About this exercise =
Search the records below for the word "JEANS". Copy each line where it occurs.

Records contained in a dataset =
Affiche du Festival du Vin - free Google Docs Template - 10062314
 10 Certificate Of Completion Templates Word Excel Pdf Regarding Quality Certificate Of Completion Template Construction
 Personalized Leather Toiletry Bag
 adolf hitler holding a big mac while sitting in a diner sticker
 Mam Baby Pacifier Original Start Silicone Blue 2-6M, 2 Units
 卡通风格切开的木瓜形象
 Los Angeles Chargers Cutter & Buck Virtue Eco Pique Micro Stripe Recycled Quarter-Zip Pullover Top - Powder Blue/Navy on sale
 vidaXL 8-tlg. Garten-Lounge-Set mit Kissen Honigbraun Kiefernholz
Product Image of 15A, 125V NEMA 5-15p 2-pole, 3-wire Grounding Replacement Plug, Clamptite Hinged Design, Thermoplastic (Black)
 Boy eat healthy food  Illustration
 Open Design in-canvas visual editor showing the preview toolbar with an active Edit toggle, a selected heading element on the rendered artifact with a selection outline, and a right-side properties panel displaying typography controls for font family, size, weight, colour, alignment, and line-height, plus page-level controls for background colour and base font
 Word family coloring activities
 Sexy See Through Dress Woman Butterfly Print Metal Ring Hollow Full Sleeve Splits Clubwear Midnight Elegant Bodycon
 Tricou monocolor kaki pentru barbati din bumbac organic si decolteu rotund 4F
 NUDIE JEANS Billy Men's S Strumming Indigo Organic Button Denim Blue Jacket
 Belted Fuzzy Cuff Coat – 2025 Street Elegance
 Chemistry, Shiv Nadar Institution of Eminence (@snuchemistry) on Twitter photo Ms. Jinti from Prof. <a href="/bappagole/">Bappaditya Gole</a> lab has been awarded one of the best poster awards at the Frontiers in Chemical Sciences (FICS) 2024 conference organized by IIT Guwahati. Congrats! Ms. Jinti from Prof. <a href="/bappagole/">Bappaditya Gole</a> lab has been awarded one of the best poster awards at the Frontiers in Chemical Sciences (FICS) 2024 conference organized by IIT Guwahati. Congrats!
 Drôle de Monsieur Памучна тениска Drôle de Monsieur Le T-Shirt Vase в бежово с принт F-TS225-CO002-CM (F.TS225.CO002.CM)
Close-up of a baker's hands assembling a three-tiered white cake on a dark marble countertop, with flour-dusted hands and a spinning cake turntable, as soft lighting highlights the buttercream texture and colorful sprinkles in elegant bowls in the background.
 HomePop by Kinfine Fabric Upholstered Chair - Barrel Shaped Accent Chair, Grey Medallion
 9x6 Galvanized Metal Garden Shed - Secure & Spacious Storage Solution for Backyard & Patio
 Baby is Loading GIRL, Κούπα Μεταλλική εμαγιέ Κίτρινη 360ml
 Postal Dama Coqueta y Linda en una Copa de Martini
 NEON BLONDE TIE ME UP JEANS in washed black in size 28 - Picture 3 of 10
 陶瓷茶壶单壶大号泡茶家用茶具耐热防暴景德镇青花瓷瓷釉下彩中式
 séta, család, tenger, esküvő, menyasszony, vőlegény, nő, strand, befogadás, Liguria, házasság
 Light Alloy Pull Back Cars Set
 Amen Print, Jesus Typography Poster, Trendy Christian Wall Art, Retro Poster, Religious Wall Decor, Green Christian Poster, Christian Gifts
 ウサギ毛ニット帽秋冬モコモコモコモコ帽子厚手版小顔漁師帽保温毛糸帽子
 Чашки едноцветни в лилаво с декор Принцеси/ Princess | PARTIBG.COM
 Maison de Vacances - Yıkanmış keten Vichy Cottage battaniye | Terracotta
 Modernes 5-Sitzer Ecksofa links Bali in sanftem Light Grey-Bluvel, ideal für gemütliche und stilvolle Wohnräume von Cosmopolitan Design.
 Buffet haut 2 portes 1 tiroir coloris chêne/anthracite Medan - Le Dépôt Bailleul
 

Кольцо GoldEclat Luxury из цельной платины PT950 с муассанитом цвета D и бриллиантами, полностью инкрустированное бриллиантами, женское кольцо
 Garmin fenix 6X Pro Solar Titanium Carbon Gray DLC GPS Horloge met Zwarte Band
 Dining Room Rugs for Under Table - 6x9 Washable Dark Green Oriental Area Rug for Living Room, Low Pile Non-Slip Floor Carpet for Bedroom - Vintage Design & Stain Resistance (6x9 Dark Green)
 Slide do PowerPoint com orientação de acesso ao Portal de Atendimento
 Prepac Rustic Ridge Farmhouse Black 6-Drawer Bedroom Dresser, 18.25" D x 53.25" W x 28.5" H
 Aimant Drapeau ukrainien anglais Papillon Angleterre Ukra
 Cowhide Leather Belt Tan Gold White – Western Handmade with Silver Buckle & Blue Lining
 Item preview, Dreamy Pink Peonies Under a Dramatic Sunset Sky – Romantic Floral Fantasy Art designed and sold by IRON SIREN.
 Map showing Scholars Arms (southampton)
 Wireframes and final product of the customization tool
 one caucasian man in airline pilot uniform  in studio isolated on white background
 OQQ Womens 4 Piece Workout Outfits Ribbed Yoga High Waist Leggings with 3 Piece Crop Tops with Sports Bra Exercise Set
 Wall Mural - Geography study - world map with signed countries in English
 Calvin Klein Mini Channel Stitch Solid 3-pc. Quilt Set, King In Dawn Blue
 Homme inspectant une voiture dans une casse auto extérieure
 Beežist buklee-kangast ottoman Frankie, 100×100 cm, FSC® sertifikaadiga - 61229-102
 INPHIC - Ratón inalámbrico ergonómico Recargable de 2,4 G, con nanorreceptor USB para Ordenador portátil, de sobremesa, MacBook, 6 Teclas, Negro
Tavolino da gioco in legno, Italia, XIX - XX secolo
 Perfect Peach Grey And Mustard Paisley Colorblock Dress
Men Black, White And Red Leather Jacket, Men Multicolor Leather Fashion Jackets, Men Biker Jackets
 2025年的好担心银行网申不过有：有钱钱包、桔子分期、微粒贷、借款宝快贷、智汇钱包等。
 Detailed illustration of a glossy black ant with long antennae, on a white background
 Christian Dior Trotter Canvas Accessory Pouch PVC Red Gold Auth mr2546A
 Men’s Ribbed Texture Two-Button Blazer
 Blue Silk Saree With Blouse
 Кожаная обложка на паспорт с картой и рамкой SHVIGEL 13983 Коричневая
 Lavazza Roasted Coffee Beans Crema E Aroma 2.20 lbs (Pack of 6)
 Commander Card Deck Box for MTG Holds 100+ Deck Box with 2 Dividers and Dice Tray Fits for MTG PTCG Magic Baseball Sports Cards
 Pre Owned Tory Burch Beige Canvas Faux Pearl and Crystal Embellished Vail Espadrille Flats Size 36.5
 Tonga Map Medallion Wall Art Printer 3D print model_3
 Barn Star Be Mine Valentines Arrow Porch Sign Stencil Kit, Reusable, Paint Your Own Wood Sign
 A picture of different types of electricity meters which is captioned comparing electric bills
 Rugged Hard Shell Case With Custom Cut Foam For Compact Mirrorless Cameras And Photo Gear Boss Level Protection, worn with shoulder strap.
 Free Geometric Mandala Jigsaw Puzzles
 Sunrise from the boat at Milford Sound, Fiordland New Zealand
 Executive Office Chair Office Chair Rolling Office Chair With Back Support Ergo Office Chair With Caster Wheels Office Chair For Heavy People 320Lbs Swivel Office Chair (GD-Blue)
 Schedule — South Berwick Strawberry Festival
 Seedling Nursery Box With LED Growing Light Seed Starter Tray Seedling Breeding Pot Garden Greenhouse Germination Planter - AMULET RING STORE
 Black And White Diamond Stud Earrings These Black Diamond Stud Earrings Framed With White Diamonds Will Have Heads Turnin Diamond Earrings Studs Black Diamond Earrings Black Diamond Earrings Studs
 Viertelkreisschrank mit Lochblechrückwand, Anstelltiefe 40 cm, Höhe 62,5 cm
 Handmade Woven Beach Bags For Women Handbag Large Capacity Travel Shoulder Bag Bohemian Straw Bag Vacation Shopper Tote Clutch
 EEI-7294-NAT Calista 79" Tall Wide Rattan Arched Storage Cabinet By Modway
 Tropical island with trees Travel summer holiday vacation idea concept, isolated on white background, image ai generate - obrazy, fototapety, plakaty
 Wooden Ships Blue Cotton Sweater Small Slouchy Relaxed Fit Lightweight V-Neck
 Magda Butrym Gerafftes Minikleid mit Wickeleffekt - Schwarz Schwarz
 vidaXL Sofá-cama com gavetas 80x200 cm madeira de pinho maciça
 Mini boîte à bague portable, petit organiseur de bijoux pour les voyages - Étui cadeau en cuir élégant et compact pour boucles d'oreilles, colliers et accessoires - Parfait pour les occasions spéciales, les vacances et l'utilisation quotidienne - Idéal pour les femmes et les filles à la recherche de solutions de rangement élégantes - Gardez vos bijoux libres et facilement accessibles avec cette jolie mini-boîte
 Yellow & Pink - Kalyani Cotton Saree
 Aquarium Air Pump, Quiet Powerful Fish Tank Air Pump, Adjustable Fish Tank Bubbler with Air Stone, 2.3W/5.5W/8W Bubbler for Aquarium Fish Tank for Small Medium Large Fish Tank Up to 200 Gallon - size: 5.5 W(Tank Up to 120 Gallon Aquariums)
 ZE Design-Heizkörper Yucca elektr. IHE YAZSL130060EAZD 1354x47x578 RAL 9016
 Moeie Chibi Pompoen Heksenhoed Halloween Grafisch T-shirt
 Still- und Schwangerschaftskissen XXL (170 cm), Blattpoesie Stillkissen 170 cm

Result of this exercise =
 NUDIE JEANS Billy Men's S Strumming Indigo Organic Button Denim Blue Jacket
 NEON BLONDE TIE ME UP JEANS in washed black in size 28 - Picture 3 of 10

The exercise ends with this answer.